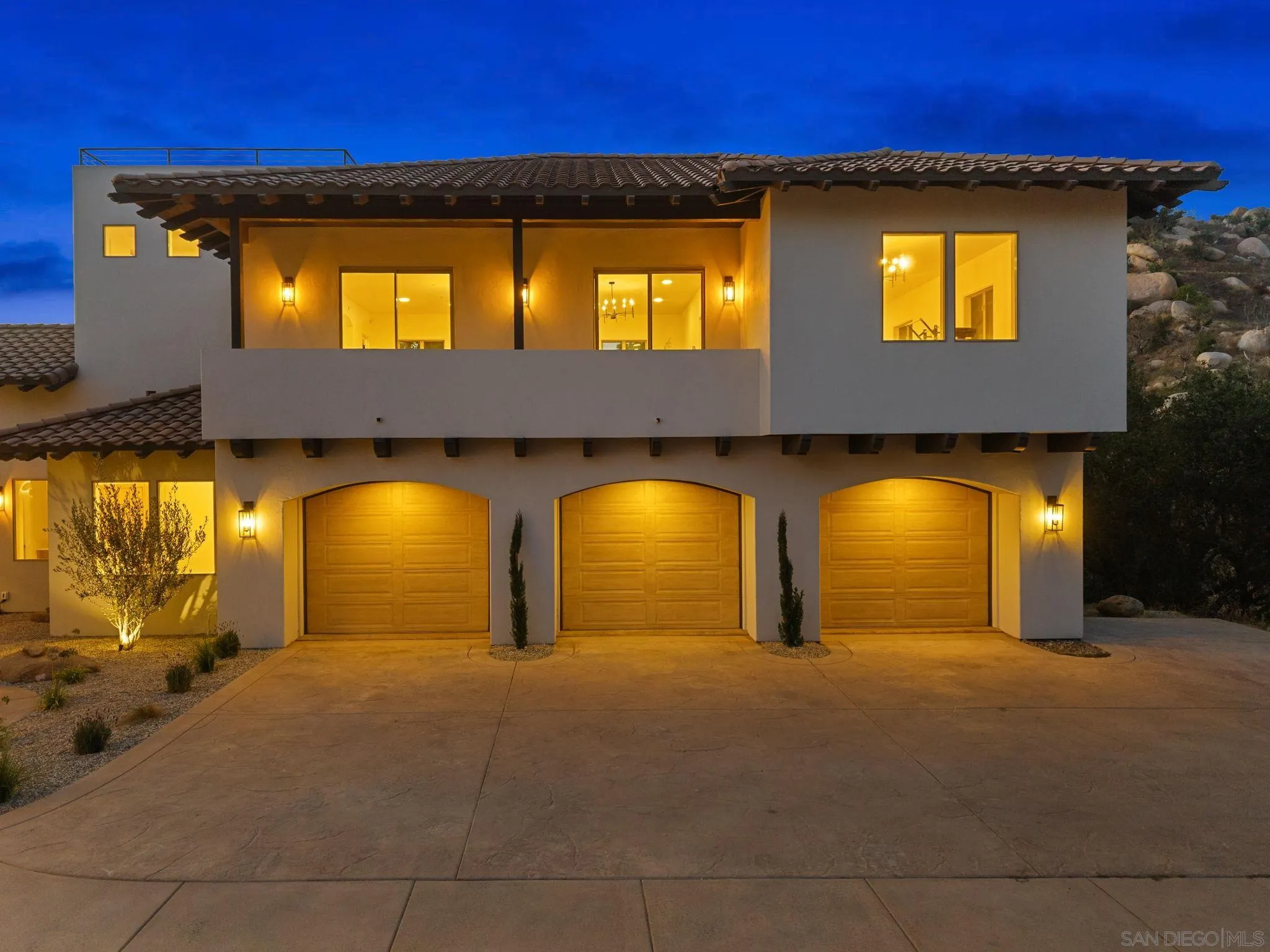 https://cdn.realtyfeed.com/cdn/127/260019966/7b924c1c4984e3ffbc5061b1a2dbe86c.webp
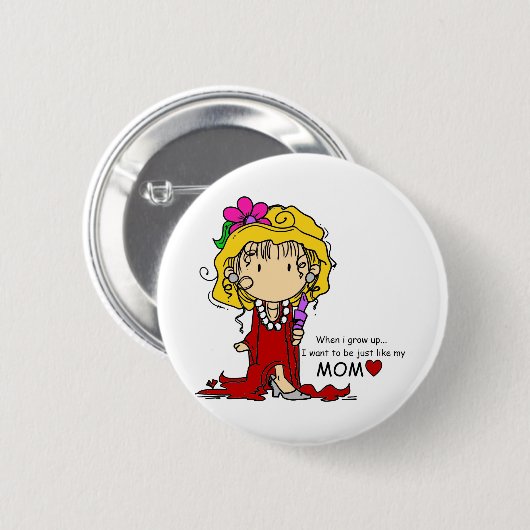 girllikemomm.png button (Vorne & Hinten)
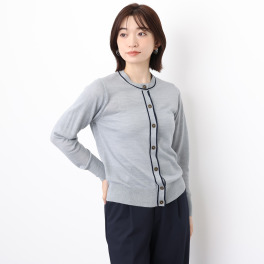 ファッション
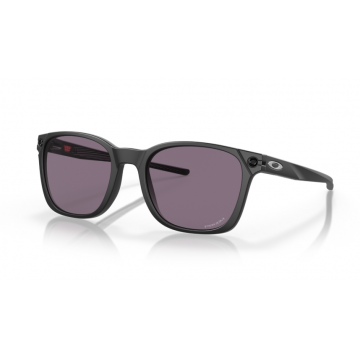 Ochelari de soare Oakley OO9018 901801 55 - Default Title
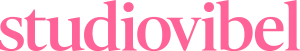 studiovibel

- TASK TO COMPLETE -
Where a record above holds a picture, drop the picture and print the rest exactly.

- THE ANSWER -
 https://cdn.realtyfeed.com/cdn/127/260019966/7b924c1c4984e3ffbc5061b1a2dbe86c.webp
 girllikemomm.png button (Vorne & Hinten)
 ファッション
 Ochelari de soare Oakley OO9018 901801 55 - Default Title
 studiovibel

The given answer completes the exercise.